We are in the processes of implementing a regression in the code introduced a few months back - we apologize for the inconvenience!

That said, you are correct
the.tfm written to the Transforms directory when processing your segmentation node into partial volumes contain the transform from your selected volume’s dicom origin to the corner of your tiff stack

Autoscoper parses the tiff stacks in a flipped manner and this is captured in the tra output. One method for managing this flip is to create a flipped proxy surface file (stl, wrl etc)

for bn =1:length(bones)
y_sz = size(bs.(bones{bn}).tif,1) * bs.(bones{bn}).tfmInv(1,1) ;
% z_sz = size(bs.(bones{bn}).tif,3) * bs.(bones{bn}).tfmInv(3,3) ;
CT_to_AUT_4x4 = RT_to_fX4(eul2rotm([0,0,pi]),[0 y_sz 0]);

bs.(bones{bn}).AUT2ACS =    CT_to_AUT_4x4* bs.(bones{bn}).pvolCS ;
bs.(bones{bn}).ptsinPvolvf = RT_transform(bs.(bones{bn}).ptsinPvol, CT_to_AUT_4x4(1:3,1:3), CT_to_AUT_4x4(1:3,4),1);

end

Applying the output tra to each respective “autoscoper space” stl will give appropriate bone model placement in dicom space

Once the regression correction is commit to the main branch we will also have a more thorough readthedocs entry to aid in this post processing.

Thank you for the quick reply!

I have a couple of follow up clarifications on this.

  1. Since the Autoscoper space parses the images flipped, can the flip x/y/z function on the Autoscoper new trial window (or in the CFG file) be used? Would this flip the coordinates back into the proper DICOM space and undo the need for another transform?
  2. Is the fix in the transform from the preprocessing to apply the origin as the z translation, and apply that to the flipped proxy surface (STL file) before applying the tracking?

Hey Robert,

I’ve not tried to use the flip booleans to ease post-processing- I can attempt and get back to you on that.

When you segment the CT, the model is in DICOM space ( mc1 model/seg shown in yellow)

The partial volumes tiff stacks are inherently without spatial resolution- the automatic tfm gives scale and translation info from image space to spatial coords (i.e. mm)

Without the tfm applied- the partial volume (shown in grayscale slices) is stretched inappropriately and index corner (0th row 0th colum and 0slice) is located at the origin.

WHen the tfm is applied (mc1_2) you’ll notice that the scale of the partial volume and it’s spatial resolution is identical to the segmented (yellow) mc1

The tricky bit concerns the red and green mc1. You’ll notice in the data node heirarchy, I’ve labeld the red mc1 with a Pvol prefix and the green with AUT

The red mc1 is the model you would get from the partial volume with properly scaled voxel information (0.39 0.39 0.625… ‘scale’ transfrom) , but corner indices still at 0,0,0.

The green is what AUT internally acts on (how it loads and stores the tiff - and what the tra operates on to

@jcfr

Thank you, the stretch factor now makes sense.
I have tried to replicate the yellow green and red models as in your photos. I have figured out the transform from the yellow to red. This is just the inverse of the transform automatically generated without the scaling factor.
The issue seems to be the transform between the red and green models. I applied an x and z flip to the model : [-1,0,0;0,1,0;0,0,-1]. As this seems to match your images.

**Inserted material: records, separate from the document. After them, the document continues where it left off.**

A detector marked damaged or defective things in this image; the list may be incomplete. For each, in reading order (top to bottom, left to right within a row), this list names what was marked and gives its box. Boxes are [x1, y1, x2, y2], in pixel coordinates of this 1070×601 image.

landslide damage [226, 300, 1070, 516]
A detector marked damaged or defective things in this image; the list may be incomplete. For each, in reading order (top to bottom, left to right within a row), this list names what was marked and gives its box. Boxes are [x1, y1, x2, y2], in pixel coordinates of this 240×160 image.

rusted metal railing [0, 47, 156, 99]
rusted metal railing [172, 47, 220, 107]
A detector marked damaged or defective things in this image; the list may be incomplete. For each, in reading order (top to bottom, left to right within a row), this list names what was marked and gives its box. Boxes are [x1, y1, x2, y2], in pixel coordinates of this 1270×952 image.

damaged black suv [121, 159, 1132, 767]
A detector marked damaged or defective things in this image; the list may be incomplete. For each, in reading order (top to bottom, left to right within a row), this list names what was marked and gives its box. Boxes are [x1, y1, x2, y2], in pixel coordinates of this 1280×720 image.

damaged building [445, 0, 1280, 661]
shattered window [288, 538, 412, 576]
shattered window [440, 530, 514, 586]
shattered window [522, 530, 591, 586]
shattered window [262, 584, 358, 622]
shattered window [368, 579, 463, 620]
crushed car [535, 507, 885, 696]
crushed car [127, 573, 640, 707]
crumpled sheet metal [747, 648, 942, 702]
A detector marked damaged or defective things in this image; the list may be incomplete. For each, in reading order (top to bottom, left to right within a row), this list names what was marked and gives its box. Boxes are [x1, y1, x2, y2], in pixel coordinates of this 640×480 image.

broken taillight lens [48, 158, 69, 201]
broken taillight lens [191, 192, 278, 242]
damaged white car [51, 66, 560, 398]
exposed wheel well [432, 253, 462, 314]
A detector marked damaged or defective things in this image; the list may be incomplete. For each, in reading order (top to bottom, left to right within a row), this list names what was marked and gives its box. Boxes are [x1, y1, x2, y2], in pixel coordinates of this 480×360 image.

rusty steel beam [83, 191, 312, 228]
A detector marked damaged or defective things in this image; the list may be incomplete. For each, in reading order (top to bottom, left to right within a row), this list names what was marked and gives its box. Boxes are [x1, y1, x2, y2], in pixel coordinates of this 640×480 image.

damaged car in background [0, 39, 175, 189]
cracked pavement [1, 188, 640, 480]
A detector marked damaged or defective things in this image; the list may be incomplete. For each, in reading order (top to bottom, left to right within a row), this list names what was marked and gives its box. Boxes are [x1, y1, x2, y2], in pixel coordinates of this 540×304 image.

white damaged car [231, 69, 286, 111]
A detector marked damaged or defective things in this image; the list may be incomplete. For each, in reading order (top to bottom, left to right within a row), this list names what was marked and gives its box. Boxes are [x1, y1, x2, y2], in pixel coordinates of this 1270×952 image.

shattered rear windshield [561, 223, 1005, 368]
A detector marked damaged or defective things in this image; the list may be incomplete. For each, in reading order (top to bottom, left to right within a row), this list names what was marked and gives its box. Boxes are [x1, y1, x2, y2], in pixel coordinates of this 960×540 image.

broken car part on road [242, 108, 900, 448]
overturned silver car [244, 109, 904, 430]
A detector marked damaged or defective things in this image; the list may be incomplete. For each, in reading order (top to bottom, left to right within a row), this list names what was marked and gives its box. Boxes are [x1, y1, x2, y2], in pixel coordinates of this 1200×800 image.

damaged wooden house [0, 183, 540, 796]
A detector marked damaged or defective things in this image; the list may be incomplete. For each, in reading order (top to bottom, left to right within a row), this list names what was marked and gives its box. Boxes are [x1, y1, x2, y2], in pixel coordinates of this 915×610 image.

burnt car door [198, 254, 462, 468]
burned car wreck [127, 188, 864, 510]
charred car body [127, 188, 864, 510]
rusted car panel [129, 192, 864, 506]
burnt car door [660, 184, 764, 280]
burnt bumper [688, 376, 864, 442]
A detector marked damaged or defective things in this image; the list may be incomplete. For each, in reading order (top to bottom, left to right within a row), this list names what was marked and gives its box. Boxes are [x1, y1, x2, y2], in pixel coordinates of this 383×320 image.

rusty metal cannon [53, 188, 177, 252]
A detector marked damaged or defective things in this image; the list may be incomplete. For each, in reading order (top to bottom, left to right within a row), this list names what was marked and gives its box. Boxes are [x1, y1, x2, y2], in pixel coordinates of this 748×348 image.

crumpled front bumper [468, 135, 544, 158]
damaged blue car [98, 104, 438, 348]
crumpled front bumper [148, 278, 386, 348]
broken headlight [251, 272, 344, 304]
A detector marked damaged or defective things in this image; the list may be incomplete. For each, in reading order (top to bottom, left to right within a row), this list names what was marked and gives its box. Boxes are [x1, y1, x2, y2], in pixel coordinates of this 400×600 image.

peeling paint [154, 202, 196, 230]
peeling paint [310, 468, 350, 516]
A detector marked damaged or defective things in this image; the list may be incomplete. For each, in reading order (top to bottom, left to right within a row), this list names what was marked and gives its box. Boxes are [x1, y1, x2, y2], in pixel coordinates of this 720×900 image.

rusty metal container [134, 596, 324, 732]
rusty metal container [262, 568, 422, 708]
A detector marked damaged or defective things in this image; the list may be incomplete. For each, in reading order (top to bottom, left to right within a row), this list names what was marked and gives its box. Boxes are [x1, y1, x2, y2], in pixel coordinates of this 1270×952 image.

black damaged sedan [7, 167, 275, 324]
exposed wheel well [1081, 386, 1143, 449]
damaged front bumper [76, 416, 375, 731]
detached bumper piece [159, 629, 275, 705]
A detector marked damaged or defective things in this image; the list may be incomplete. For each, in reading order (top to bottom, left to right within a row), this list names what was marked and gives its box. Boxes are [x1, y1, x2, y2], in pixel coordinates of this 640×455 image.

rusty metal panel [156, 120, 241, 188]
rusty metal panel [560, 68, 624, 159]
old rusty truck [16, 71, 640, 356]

When I multiply the tra tracking data to these transformed green models (which should now match the autoscoper space), they do not seem to be matching up with the tracking I see in Autoscoper world view. (I am doing TRA*GreenBoneModels).
Can you see anything wrong with this approach?

Hey Robert, we’re still working through some fixes.
Can you try updating the extension from the index and try again?

Hi Robert.

Assuming your volume has its origin at (0,0,0) and the proper scaling has already been applied, you should be able to follow the following steps in order to move it into the optimized position from Autoscoper.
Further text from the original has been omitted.